(Stored data entries)
-------------------------

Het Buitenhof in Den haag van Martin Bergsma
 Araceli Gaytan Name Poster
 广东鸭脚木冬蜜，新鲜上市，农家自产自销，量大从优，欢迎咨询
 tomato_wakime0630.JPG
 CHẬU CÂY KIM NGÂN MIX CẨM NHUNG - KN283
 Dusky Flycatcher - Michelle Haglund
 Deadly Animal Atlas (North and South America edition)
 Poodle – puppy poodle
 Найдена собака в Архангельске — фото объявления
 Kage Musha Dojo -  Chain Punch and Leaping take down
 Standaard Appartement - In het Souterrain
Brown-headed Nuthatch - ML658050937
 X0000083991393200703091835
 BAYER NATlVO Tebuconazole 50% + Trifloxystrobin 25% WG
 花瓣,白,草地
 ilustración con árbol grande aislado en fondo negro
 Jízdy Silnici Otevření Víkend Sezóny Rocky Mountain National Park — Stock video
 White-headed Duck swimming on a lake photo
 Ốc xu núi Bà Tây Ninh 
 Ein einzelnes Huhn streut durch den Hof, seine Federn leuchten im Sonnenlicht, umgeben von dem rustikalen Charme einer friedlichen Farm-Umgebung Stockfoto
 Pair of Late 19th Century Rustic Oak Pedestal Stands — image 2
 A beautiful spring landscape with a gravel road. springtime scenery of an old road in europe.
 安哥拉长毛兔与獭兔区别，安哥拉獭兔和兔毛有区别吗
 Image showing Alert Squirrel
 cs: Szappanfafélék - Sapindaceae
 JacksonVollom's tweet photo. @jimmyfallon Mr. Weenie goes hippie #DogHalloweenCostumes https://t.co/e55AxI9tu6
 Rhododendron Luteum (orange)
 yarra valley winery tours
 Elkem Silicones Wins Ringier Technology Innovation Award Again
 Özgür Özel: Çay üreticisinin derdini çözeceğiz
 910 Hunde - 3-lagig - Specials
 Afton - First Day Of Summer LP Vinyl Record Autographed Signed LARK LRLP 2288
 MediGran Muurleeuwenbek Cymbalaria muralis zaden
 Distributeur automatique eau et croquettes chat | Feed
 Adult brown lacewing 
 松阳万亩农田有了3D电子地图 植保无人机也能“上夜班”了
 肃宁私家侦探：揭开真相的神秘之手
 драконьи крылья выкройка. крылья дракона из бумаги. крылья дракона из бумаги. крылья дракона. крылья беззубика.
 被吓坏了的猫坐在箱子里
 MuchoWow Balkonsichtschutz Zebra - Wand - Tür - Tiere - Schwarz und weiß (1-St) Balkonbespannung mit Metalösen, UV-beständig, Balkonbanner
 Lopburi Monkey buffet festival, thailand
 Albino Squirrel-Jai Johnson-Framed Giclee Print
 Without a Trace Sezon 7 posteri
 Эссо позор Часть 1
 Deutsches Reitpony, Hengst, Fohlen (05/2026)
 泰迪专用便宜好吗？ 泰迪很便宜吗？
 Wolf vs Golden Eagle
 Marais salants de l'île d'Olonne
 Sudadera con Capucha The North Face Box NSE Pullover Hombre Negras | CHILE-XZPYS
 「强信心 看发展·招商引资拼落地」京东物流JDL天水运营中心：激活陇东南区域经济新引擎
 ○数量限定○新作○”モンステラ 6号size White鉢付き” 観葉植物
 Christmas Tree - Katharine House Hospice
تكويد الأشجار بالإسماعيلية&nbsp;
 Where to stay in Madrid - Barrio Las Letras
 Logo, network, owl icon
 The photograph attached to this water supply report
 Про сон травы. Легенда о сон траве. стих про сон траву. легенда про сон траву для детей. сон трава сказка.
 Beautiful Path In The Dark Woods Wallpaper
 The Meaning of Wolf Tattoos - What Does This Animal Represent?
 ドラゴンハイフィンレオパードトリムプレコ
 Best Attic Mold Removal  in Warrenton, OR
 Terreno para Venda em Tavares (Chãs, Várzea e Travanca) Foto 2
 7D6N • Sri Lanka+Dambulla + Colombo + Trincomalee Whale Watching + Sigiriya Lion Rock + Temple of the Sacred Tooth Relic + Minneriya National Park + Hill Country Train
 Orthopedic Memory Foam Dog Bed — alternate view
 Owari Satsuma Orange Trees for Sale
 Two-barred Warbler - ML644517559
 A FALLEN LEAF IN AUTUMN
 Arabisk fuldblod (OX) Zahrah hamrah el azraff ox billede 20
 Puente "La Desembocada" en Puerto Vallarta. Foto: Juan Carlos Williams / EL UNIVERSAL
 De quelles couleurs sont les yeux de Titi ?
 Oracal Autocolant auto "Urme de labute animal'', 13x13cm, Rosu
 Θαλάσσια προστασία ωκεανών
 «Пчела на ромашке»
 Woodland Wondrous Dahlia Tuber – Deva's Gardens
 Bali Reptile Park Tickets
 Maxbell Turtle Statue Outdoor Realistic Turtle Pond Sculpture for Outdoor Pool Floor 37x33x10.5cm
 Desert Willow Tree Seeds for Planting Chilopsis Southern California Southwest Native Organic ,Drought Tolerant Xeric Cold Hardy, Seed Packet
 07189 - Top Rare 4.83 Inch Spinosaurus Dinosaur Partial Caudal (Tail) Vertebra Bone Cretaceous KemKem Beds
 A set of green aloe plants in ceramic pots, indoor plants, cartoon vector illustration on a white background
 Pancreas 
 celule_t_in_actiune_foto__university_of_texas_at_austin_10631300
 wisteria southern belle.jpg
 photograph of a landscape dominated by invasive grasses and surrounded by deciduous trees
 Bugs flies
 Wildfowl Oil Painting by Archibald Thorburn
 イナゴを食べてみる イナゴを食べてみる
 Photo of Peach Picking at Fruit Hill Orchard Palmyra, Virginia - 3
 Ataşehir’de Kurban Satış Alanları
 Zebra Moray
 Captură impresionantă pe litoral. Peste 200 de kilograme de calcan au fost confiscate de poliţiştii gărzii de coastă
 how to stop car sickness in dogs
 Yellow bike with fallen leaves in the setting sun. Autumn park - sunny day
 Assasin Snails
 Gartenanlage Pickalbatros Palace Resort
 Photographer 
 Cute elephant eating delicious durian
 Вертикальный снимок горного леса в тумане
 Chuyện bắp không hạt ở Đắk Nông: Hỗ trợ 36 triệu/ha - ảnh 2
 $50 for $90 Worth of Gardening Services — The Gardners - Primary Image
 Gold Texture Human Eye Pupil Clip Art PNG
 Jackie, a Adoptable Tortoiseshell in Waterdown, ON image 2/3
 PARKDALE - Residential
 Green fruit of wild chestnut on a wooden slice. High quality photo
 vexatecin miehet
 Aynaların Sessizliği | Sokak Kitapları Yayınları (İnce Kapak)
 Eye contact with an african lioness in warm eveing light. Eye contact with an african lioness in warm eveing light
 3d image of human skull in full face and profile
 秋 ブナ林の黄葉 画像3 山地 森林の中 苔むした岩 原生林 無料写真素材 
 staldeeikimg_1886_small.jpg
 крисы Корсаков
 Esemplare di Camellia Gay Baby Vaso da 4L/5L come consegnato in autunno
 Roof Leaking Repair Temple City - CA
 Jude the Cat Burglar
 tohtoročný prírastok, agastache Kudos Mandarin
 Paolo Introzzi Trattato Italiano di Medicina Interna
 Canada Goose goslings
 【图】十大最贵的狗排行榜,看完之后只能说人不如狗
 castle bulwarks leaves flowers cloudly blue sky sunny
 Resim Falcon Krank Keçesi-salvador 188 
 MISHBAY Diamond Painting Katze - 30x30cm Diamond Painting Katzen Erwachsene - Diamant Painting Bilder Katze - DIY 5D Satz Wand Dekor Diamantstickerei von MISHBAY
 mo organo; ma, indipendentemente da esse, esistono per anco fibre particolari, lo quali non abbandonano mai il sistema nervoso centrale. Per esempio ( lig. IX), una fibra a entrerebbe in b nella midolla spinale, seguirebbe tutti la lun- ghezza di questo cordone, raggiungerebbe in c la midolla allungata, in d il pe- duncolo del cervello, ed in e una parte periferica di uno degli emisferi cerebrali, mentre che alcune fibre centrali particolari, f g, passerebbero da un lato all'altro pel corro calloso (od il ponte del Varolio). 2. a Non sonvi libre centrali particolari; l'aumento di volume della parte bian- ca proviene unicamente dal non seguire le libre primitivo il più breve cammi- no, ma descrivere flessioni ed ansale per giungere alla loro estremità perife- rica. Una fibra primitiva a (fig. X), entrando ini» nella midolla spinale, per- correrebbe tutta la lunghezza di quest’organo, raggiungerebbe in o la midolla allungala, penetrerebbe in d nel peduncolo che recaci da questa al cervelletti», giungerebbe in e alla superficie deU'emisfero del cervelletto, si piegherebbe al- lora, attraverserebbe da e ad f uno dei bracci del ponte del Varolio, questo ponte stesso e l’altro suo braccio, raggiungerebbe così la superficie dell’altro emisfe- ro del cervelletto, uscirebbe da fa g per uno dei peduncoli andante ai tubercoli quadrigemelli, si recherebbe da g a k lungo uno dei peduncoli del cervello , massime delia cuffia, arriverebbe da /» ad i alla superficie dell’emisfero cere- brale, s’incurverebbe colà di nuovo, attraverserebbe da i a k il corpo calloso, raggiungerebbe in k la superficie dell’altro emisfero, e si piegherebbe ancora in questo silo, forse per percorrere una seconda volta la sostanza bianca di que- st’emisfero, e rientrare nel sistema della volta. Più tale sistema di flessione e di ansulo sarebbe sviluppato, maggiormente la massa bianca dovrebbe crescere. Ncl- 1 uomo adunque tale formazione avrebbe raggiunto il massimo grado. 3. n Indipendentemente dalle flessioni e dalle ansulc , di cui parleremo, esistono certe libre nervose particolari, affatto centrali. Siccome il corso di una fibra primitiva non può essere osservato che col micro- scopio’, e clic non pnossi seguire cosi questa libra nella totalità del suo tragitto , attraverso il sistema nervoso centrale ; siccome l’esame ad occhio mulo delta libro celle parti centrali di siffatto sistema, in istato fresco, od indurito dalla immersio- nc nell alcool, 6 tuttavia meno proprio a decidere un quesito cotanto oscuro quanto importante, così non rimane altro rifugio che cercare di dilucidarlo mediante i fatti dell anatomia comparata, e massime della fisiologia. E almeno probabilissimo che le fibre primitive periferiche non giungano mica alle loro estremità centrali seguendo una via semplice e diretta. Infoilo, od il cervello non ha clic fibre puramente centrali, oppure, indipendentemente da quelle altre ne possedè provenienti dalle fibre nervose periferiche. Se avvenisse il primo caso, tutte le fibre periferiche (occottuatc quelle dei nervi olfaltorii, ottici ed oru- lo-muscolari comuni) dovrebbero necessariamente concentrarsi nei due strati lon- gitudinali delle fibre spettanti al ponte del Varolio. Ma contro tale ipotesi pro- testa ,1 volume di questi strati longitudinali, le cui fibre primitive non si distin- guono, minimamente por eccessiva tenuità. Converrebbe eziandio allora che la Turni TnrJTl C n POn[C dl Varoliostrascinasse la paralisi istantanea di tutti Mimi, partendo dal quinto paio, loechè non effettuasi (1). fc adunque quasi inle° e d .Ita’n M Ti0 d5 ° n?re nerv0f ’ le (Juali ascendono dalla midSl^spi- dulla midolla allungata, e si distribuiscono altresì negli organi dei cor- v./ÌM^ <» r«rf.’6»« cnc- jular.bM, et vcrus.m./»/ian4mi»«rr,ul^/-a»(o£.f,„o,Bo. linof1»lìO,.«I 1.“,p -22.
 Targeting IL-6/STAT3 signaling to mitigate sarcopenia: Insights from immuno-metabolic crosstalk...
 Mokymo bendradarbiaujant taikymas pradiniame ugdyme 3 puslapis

-------------------------

- [The task]:
Print, without alteration, only the lines above between the one holding "Canada Goose goslings" and the one holding "MISHBAY Diamond Painting", inclusive.

- [Task result]:
 Canada Goose goslings
 【图】十大最贵的狗排行榜,看完之后只能说人不如狗
 castle bulwarks leaves flowers cloudly blue sky sunny
 Resim Falcon Krank Keçesi-salvador 188 
 MISHBAY Diamond Painting Katze - 30x30cm Diamond Painting Katzen Erwachsene - Diamant Painting Bilder Katze - DIY 5D Satz Wand Dekor Diamantstickerei von MISHBAY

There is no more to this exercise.